**INSTRUCTIONS TO FOLLOW**
In the entries below, the lines from the one with "Used 2017 GMC" through the one with "Catherine Lansfield Meadowsweet" are to be copied exactly; both ends count.

[[ PROVIDED RECORDS open ]]

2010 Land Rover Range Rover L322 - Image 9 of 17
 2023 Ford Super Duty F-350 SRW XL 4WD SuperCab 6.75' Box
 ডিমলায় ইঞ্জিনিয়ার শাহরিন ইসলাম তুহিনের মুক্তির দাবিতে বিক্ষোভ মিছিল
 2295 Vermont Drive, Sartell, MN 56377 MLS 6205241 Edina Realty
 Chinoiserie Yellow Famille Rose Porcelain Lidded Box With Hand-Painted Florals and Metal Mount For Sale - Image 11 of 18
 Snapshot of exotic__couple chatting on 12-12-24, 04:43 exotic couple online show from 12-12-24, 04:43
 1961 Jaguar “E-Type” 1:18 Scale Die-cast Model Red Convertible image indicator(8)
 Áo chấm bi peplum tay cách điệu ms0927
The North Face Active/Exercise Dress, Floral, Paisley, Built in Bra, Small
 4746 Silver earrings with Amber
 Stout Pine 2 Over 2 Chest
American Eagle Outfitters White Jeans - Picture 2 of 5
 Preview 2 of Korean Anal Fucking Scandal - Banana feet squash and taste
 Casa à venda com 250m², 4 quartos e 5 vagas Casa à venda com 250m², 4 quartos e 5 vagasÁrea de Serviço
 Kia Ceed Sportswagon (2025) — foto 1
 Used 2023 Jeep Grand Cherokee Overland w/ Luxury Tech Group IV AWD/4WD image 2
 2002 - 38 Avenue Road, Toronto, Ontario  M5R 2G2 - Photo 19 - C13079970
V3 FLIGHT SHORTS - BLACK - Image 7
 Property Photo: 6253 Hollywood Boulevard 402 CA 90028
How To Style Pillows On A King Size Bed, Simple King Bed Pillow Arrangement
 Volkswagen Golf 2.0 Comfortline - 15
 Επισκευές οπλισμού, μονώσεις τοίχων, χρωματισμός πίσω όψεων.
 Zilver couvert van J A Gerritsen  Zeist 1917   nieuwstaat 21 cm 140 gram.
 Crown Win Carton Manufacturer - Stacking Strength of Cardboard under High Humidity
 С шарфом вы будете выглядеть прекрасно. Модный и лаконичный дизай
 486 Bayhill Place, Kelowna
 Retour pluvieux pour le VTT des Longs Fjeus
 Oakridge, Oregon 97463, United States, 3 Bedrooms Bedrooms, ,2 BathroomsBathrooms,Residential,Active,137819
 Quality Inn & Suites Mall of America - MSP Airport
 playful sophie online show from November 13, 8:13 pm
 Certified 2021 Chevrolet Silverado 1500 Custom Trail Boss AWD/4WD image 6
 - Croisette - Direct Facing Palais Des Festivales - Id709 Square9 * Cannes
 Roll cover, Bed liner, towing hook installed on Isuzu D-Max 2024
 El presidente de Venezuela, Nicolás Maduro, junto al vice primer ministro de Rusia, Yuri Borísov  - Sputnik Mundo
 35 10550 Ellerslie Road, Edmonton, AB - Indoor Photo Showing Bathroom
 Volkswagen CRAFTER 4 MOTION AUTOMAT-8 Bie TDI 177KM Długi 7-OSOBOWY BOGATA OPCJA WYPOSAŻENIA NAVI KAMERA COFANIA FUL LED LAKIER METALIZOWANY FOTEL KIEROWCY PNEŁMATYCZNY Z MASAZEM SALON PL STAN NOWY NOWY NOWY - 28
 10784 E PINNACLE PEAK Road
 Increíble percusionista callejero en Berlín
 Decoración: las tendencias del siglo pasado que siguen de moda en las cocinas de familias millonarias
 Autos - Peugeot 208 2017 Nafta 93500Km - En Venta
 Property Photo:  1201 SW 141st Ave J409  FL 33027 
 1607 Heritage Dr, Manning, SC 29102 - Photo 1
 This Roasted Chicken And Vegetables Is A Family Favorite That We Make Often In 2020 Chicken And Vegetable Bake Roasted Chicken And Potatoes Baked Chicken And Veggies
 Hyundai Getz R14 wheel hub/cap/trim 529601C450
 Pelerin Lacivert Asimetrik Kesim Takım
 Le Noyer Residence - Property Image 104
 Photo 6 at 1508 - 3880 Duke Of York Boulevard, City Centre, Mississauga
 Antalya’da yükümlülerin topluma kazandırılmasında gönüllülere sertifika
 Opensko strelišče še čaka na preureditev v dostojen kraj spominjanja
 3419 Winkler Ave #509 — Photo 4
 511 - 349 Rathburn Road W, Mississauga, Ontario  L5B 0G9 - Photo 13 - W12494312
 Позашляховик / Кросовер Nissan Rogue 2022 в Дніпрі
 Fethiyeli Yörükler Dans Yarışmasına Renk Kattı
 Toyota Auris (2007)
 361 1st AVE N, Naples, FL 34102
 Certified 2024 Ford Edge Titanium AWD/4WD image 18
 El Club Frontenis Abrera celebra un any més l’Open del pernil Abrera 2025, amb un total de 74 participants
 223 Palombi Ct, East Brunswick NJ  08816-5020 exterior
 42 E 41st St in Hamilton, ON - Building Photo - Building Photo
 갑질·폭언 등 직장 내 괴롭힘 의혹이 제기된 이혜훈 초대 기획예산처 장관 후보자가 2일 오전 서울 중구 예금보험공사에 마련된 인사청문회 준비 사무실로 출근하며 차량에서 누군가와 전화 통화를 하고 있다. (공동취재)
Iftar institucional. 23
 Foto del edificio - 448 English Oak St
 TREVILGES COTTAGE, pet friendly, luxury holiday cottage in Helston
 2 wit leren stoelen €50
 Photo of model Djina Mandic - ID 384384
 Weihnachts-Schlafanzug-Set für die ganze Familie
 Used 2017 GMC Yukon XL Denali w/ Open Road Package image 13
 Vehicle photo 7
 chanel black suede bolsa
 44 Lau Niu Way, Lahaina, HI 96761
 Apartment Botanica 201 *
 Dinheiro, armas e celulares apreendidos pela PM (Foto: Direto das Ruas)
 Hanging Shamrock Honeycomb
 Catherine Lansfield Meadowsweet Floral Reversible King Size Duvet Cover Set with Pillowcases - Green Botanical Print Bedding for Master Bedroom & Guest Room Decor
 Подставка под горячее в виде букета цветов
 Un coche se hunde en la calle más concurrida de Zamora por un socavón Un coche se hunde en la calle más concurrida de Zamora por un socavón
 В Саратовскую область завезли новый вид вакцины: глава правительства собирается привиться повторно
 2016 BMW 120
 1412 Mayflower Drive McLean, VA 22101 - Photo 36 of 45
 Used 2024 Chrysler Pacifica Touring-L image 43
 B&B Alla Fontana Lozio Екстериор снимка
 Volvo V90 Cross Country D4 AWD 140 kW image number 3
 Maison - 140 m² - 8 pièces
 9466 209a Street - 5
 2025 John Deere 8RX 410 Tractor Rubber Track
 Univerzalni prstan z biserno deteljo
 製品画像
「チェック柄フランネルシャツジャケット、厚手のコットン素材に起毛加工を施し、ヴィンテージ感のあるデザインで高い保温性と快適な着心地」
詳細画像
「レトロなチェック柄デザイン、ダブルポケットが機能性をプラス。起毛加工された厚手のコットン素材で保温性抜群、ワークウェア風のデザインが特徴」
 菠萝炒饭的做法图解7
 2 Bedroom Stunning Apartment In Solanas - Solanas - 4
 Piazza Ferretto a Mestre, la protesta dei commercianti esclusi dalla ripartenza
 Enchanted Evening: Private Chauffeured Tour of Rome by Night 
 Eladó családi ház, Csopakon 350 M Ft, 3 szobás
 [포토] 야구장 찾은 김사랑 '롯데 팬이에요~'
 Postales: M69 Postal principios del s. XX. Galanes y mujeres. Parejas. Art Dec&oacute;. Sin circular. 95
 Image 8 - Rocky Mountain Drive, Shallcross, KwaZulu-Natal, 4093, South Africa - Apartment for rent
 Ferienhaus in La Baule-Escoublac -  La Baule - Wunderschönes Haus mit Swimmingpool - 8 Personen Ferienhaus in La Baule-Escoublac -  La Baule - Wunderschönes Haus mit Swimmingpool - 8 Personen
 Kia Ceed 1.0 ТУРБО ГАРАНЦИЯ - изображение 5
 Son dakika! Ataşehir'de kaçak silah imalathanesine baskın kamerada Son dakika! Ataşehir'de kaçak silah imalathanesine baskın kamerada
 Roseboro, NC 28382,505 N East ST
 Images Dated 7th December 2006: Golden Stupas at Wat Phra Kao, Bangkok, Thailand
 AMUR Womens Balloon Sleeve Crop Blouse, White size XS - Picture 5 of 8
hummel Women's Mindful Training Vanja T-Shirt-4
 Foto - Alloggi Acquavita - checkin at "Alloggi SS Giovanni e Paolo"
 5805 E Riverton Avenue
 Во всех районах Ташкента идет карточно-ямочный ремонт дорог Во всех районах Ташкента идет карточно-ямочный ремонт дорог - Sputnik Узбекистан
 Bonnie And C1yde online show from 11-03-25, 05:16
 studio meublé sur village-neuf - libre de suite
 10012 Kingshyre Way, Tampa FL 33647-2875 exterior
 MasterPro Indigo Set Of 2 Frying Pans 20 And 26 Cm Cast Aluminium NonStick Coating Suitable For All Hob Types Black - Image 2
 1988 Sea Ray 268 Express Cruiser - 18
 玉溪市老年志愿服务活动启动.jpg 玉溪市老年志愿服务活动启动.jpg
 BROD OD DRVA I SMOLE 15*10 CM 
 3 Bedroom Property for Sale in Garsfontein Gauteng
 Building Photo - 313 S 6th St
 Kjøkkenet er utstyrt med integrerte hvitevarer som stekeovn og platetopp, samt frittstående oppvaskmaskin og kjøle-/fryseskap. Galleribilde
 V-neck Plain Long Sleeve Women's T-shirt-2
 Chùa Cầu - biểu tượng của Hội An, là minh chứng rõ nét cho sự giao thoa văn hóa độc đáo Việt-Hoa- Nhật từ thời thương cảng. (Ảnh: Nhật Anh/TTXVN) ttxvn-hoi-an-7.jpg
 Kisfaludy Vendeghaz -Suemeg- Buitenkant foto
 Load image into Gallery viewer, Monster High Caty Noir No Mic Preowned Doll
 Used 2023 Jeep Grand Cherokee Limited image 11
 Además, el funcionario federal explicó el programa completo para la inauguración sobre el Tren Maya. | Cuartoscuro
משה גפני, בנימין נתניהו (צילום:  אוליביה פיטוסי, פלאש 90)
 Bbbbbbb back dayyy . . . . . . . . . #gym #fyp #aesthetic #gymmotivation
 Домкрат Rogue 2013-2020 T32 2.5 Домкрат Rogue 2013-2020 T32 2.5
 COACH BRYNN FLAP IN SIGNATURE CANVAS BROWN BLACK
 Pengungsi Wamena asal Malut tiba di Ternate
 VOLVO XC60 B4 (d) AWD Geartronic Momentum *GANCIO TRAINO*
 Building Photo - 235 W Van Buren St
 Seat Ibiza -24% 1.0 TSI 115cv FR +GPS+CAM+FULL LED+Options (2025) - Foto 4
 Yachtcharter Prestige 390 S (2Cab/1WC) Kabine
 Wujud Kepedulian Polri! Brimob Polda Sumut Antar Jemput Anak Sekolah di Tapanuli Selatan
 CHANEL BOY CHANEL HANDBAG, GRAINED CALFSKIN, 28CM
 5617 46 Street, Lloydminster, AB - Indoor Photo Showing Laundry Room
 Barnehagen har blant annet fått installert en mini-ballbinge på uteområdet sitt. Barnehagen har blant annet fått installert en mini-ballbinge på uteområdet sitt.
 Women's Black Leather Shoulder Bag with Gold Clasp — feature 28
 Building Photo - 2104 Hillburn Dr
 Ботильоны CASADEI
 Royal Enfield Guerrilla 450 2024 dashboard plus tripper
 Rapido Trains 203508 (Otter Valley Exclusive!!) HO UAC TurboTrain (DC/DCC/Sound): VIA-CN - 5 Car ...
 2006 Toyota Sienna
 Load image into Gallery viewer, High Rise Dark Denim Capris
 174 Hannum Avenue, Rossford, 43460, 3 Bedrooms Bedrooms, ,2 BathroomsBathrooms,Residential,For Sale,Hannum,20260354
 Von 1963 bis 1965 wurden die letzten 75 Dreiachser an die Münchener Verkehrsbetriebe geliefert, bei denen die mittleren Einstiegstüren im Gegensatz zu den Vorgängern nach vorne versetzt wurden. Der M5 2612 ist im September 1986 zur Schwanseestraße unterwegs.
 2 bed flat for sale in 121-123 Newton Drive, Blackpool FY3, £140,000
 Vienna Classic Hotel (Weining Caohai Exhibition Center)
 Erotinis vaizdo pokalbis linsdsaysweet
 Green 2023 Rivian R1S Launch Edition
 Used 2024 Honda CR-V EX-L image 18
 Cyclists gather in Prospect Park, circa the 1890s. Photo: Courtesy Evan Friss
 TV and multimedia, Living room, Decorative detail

[[ PROVIDED RECORDS closed ]]

**ANSWER TO THIS PROBLEM**
 Used 2017 GMC Yukon XL Denali w/ Open Road Package image 13
 Vehicle photo 7
 chanel black suede bolsa
 44 Lau Niu Way, Lahaina, HI 96761
 Apartment Botanica 201 *
 Dinheiro, armas e celulares apreendidos pela PM (Foto: Direto das Ruas)
 Hanging Shamrock Honeycomb
 Catherine Lansfield Meadowsweet Floral Reversible King Size Duvet Cover Set with Pillowcases - Green Botanical Print Bedding for Master Bedroom & Guest Room Decor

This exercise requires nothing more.